In this graph we can se the evolution of the trips during the hours of the day. I think that the red line support the thesis that a big part of annual subscriber use the e-bikes of BiciMAD for travels between home and office, we can easily see the user going from home to the workplace (7-9 AM), going out for lunch (2-3 PM) and going home 5-7 PM).
After the series of plots I decided to go further and have a look of the whole one and half year provided by EMT to see if I can understand more informations about the habits of users. For this reason I decided to make 3 calmap graph to understand the distributions of trips along the week days and along the whole timeline.
These graphs show me some unexpected data that, if possible, it would be very interesting to investigate, maybe in future post on this blog:
- in May, Jun and August there are few days with almost zero travels from user_type=1 (annual subscriber) and a an explosion of user_type=2 (casual users) and user_type=3 (employers). This is very suspect! It could be an error during the data collection or maybe some technical problem that prevented annual subscriber to use their cards to rent the bikes so they had to rent as casual user (and lots of EMT employers were working to solve the problem).
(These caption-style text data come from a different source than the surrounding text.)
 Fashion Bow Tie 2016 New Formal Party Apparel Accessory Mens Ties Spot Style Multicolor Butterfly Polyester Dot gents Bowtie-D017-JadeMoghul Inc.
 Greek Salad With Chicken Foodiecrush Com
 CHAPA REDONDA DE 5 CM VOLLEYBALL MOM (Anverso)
- There is a surprising peak of EMT employers usage of bikes during the weekend, it would be interesting to understand if they are most of maintenance of bikes or moving the fleet for the week that will start.
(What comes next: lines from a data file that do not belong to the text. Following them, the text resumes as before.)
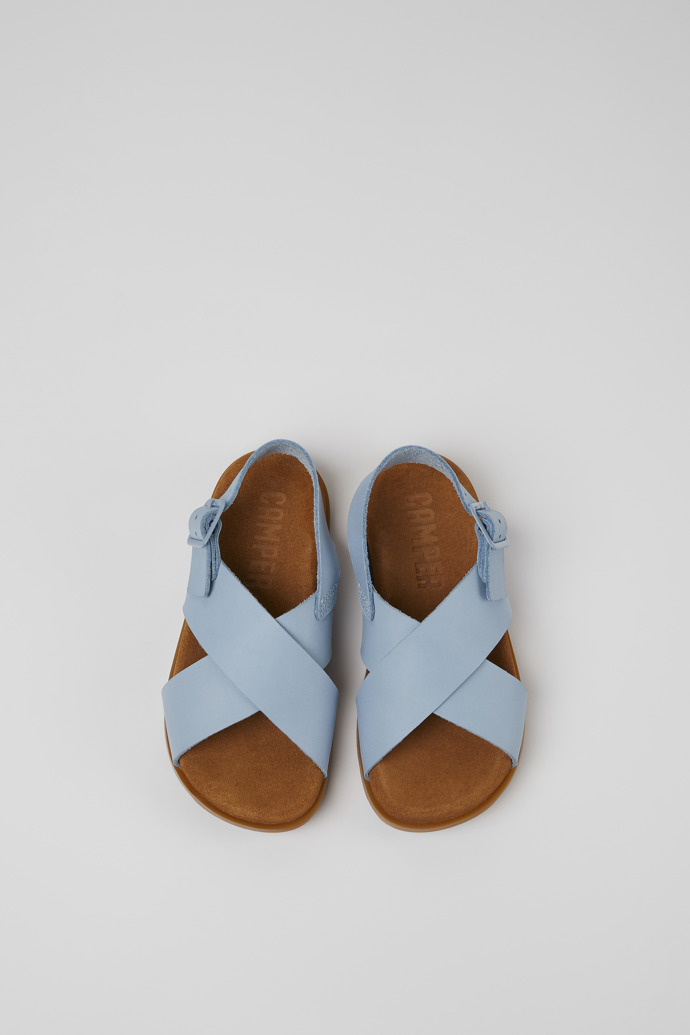Brutus Sandal Blue leather sandals for kids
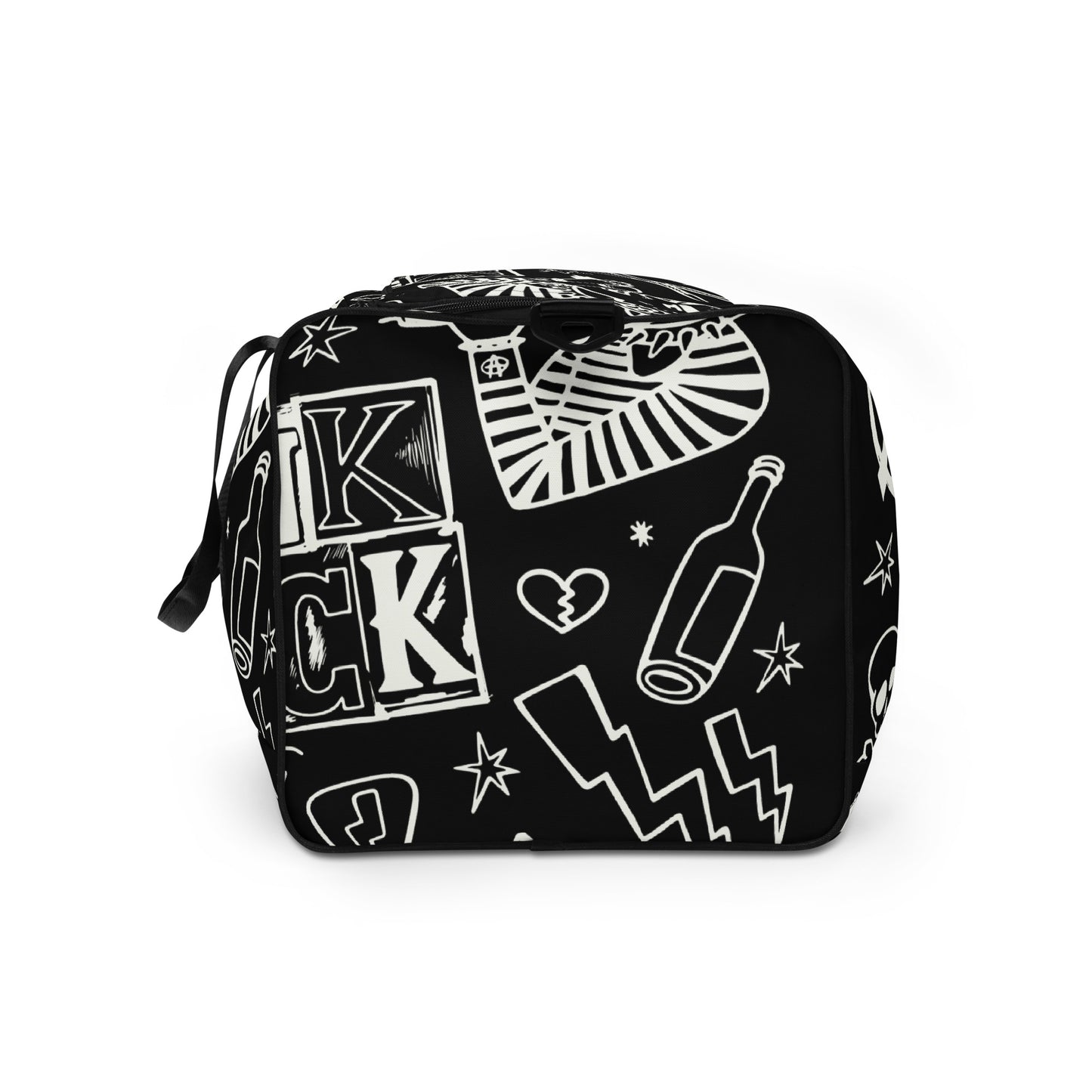 PUNK'S NOT DEAD LARGE DUFFEL BAG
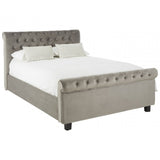 Orlando Steel Shade Kingsize Ottoman Bed, Grey
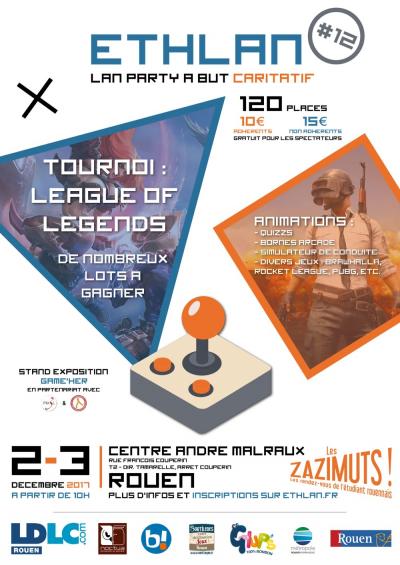 Affiche lan party Ethlan #12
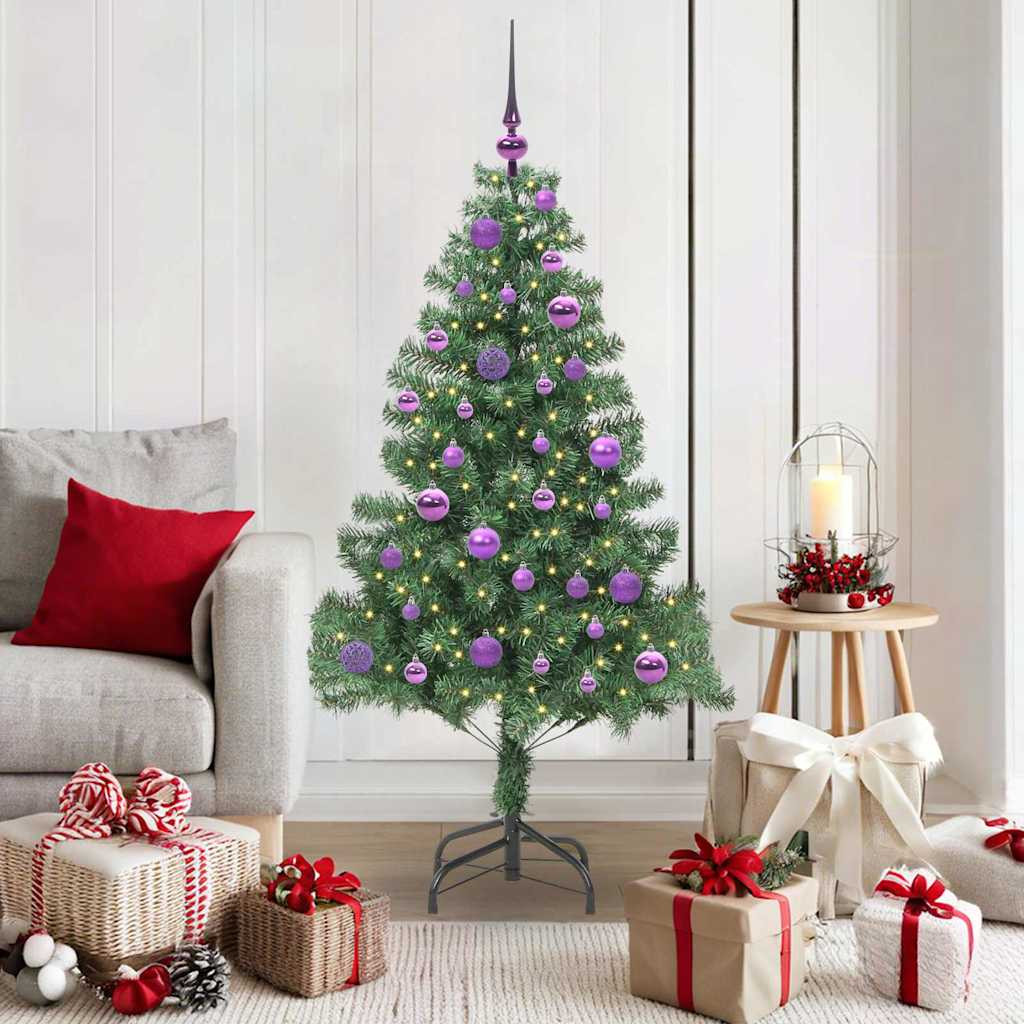 vidaXL Weihnachtsbaum Grün 150 cm PVC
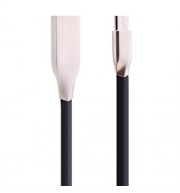 MICRO USB  ALUMINUM ALLOY COPPER CORE TRANSFER DATA SYNCHRONIZATION CHARGING CORD 0.9M (BL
- During the first days of the first week of May 2017 there is no one user_type=2 trips…is it correct?
- During October 2017 there is a deep blue days in the graph of user_type=2, this means a hight number of trips during this period of time, more that the weeks before and after. It would be interesting to understand the causes of this peak, it could be some marketing campaign about BiciMAD service.
For this analysis last point, I investigated about is the number of ring trips on the total. A ring trips is a trip that started and ended in the same station. Considering the price of renting a bike is is very unlikely that users unplug the bike, go for example at the supermarket without plug the bike to another base and the come back, unless it is a very quick errand. Ring trips would be probably more likely between user_type=2 as the can use the bikes to visit the city of Madrid and some point of interesting (for example the Retiro park) faster then just walking.
# Number of ring trips % (per user_type) round_trips=df_trip_stations['count'].loc[df_trip_stations['idplug_station']==df_trip_stations['idunplug_station']].groupby(df_trip_stations['user_type']).sum() total_trips=df_trip_stations['count'].groupby(df_trip_stations['user_type']).sum() round_trips.div(total_trips)*100
Name: count, dtype: float64
As we can see there are more ring trips from user of group 2 than from user of group 1. There is also a surprising 31% of ring trips from group number 3 (EMT employers), it could be an indicator that more ore less 31% of “trips” are for maintenance the e-bikes and not for just moving the fleet!
If we have a look about the most frequent trips of user_type=1
we could come to the same conclusions about ring trips.